Gendarmerie - La concertation dans la Gendarmerie
En raison de leur condition militaire, les personnels de la gendarmerie sont soumis à l’ensemble des droits et obligations définis par le règlement de discipline générale dans les armées (décret du 28 juillet 1975) et font, à ce titre, l’objet, selon la formule célèbre du doyen Hauriou, d’un « cantonnement juridique ». Bien que le statut général des militaires (loi du 13 juillet 1972) affirme que ces derniers « jouissent de tous les droits et libertés reconnus aux citoyens », il est toutefois précisé que « l’exercice de certains d’entre eux est soit interdit, soit restreint ».

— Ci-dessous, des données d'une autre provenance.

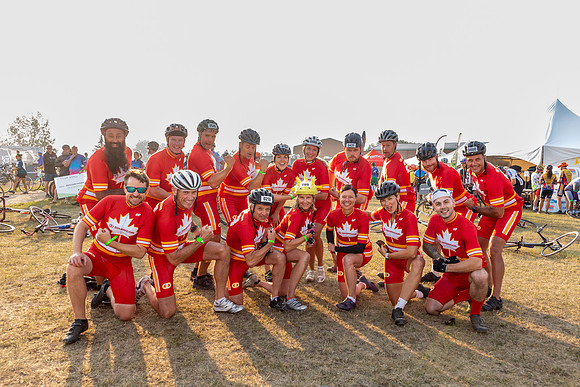 SUNDAY PHOTO STATION-RIDERS-25411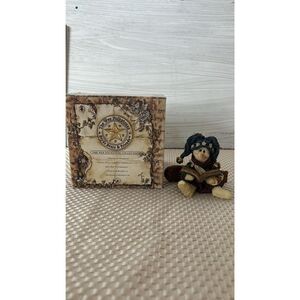 Boyds Bears & friends  The Wee Folkstone Collection #36502 Halfdogger 1997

Ainsi, il est fait interdiction au gendarme, comme à tout autre militaire, d’adhérer à des groupements à caractère politique. De même, il se trouve soumis au devoir de réserve, à l’obligation de ne pas porter atteinte à la neutralité des armées, à l’interdiction du droit de grève et de la liberté syndicale ou encore à l’obligation de résidence pour des raisons de service. Dans le domaine des droits politiques, si le gendarme est, au même titre que ses concitoyens, électeur et éligible, le code électoral n’en a pas moins prévu, comme pour certaines catégories de fonctionnaires, un régime d’incompatibilités et d’inéligibilités. La condition militaire étant incompatible avec l’exercice de fonctions électives, une fois élu, le gendarme doit ainsi opter entre l’exercice du mandat électif (il est alors placé en service détaché) et le maintien dans son emploi. En outre, les officiers exerçant ou ayant quitté depuis moins de six mois leurs fonctions dans une circonscription territoriale y sont inéligibles.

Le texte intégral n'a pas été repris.